Vincent Lo Re: Recognizing that particularly primary care clinicians are often so overwhelmed already with more and more guidelines, having electronic alerts to prompt clinicians to order these tests are often really valuable. And I know some health systems have already incorporated this kind of approach to close that gap in diagnostic testing for hepatitis C by having this sort of protocol-based approach.
I think another alternative approach is setting up really solid systems for diagnosis and linkage into care. At our hospital, we have a hepatitis C diagnosis and linking linkage team, where each week as patients are coming into the hospital.

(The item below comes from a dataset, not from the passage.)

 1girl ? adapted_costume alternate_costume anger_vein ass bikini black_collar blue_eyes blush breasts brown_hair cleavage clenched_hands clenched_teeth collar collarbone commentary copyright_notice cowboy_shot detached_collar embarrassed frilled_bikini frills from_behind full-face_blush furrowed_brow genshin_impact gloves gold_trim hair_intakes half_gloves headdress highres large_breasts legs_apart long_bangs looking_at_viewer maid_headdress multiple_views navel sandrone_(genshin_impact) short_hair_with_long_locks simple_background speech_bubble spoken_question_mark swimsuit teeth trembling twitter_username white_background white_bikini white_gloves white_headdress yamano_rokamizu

They are being screened for hepatitis C. We have a specific hepatitis C health care provider and a nurse who will facilitate linkage of those individuals in our infectious disease practice to facilitate the review of these patients, modifying their risk factors, and getting them treated with new direct-acting antivirals.
Those kinds of approaches where you have either alerts in the electronic medical records or protocols for hospitalized patients to be tested and then linked into care will help to augment these screening protocols and get patients linked into hepatitis C care.
Amanda Balbi: Thank you so much for speaking with me today and answering all my questions.
Vincent Lo Re: Well, it was my pleasure. And I hope that some of the information that was gleaned in this conversation will help other health care providers to treat more patients with hepatitis C and get them through the hepatitis C care continuum, so that we can reduce the overall prevalence of hepatitis C and reduce the likelihood of end-stage liver disease and other liver complications.